À la fin de la formation

  • S'auto-évaluer (connaissances acquises, difficultés rencontrées, ce qu'il a ressenti)
  • Faire le bilan de sa démarche d'apprentissage (les stratégies employées, ses préférences, …)
  • Vérifier si les objectifs visés ont été atteints
  • Identifier les suites possibles d'apprentissage sur le même thème ou sur de nouveaux thèmes
  • Identifier les situations dans lesquelles il pourra utiliser les connaissances acquises.
  • Evaluer sa démarche métacognitive

 

Les différents aspects d'une formation à distance sur lesquels l'apprenant peut exercer son autonomie

Nous nous basons, ici, sur les écrits d'André-Jacques Deschênes (1991). Selon cet auteur, les trois aspects d'un cours qui peuvent permettre à un apprenant d'exercer son autonomie ou d'acquérir l'autonomie sont le contenu, la structure et l'interaction.

Le contenu du cours

Le contenu, c'est la matière même du cours. Il regroupe les informations d'un domaine de connaissance qui est présenté à l'apprenant. Si, en formation à distance, le contenu est conçu bien avant sa mise à disposition, il est possible de faciliter l'exercice de l'autonomie ou son développement par l'apprenant pour peu que les concepteurs respectent quatre principes : la modularisation des contenus, la mise en place d'un support méthodologique, l'auto-évaluation des connaissances, le développement de l'esprit critique.

La modularisation du contenu est une opération qui vise à construire le cours sous forme d'unités d'information, ou de grains de connaissance. L'objectif de la modularisation est de permettre une meilleure individualisation du parcours d'apprentissage et de donner la possibilité à l'apprenant de construire celui-ci en fonction de ses besoins, de ses attentes et de ses objectifs.

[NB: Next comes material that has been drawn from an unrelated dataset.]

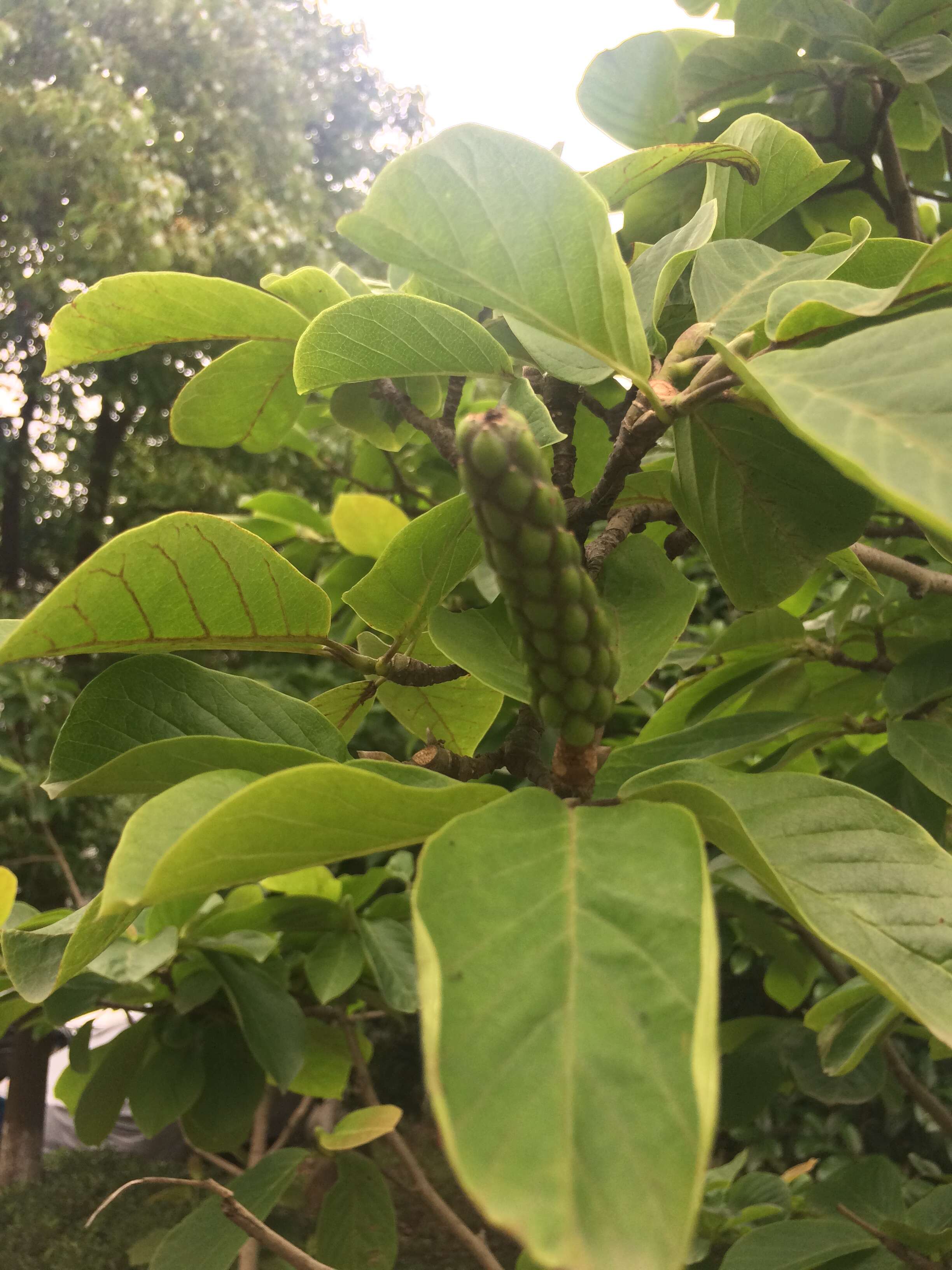 Image of Lily Tree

La mise en place d'un support méthodologique a pour but de soutenir l'apprenant dans le repérage et l'acquisition de stratégies d'apprentissage adaptées à son profil cognitif lui permettant de construire ses connaissances. Il s'agit de faciliter l'auto-interrogation sur le " savoir comment ". Ce support peut prendre la forme de fiches méthodologiques où les stratégies (de lecture, de prise de notes, de conception de cartes conceptuelles par exemple) sont décrites de telle manière que l'apprenant puisse à la fois les utiliser au cours de son apprentissage mais également dans d'autres contextes.

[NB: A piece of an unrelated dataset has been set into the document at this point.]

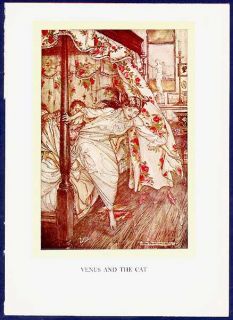 1900s Arthur Rackham Aesops Fables Book Art Plate Venus and The Cat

L'auto-évaluation des connaissances comprend l'identification par l'apprenant de ses connaissances préalables, de celles qu'il souhaite absolument acquérir et de celles qui représentent des préalables à ces dernières. Au cours de cette évaluation, l'apprenant doit éviter deux écueils que sont les préjugés qui peuvent lui faire rejeter de nouvelles informations et l'illusion de connaître qui le cantonne à une compréhension superficielle.

Le développement de l'esprit critique est favorisé par une présentation multiréférentielle du contenu et par les dispositifs qui permettent à l'apprenant de confronter ses représentations à celles de ses pairs et de la communauté pédagogique en général.

La structure du cours

La structure du cours est l'organisation pédagogique du cours qui est elle-même issue des activités d'ingénierie pédagogique ou encore de design pédagogique. Plus cette structure est forte et fermée, moins l'apprenant peut exercer son autonomie et inversement, plus elle permet des parcours diversifiés, plus l'apprenant peut évoluer de manière autonome.

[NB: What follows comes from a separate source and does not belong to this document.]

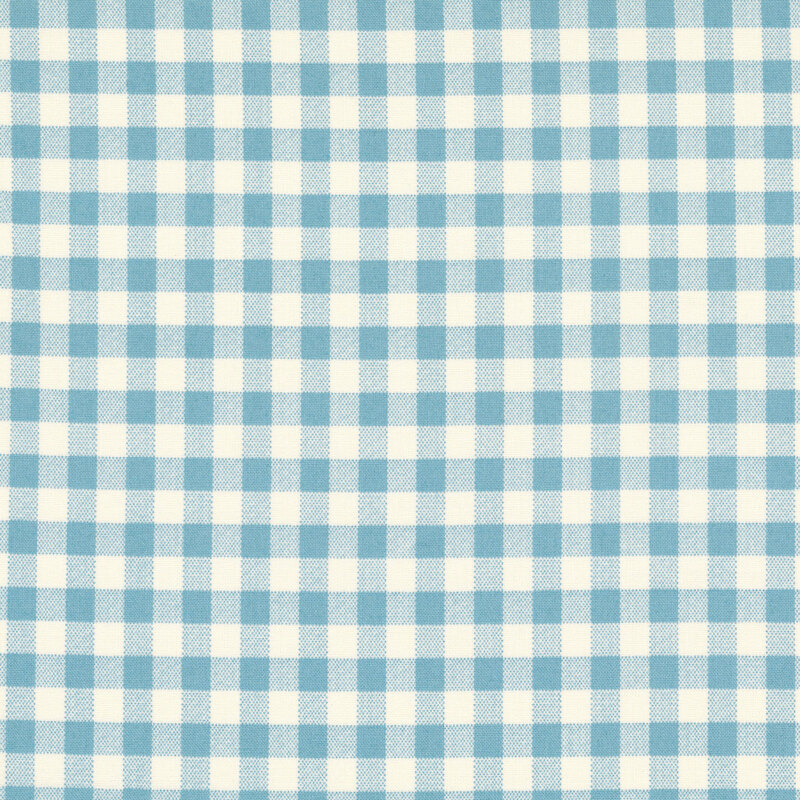 Robin's egg blue gingham on light beige fabric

Il s'agit donc pour les concepteurs d'un cours à distance d'envisager quelle liberté ils accordent à l'apprenant dans les tâches d'enseignement. Il est repéré trois stratégies métacognitives qui permettent à l'apprenant d'intervenir sur la structure du cours : la planification, la régulation, l'évaluation.

En ce qui concerne la planification, l'apprenant peut ou non, selon les choix des concepteurs, intervenir sur les objectifs, les tâches, les stratégies, le temps et lui-même. S'il est rare que l'apprenant puisse influencer les objectifs d'un cours, il peut lui être offert la possibilité d'identifier des objectifs d'apprentissage plus personnels et complémentaires de ceux du cours. Permettre à l'apprenant de devenir plus autonome face aux tâches qui lui sont demandées impliquent que celles-ci soient décrites précisément sur le plan des exigences et que les ressources utilisables soient identifiées. Il peut également être présenté un éventail de tâches parmi lesquelles l'apprenant doit faire un choix ou éventuellement proposer lui-même la réalisation d'un travail qui répondent aux critères d'évaluation. Favoriser l'autonomie de l'apprenant sur les stratégies d'apprentissage demande en premier lieu de permettre à l'apprenant de connaître le répertoire des stratégies possibles. Dans un second temps, il s'agit de soutenir l'apprenant dans l'identification de ses habiletés sur chacune des stratégies, en lui fournissant, par exemple, des instruments d'évaluation. Planifier le temps de son apprentissage est une activité primordiale pour l'apprenant à distance et peut-être la manière la plus immédiate d'exercer son autonomie. Il est souhaitable que l'apprenant effectue une planification temporelle réaliste et non volontariste. Enfin, l'apprenant autonome est celui qui arrive à faire le point sur ses caractéristiques personnelles et il est donc nécessaire que les concepteurs lui proposent des activités lui permettant de prendre conscience de ses motivations, de ses intérêts et des ses perceptions vis-à-vis de l'apprentissage.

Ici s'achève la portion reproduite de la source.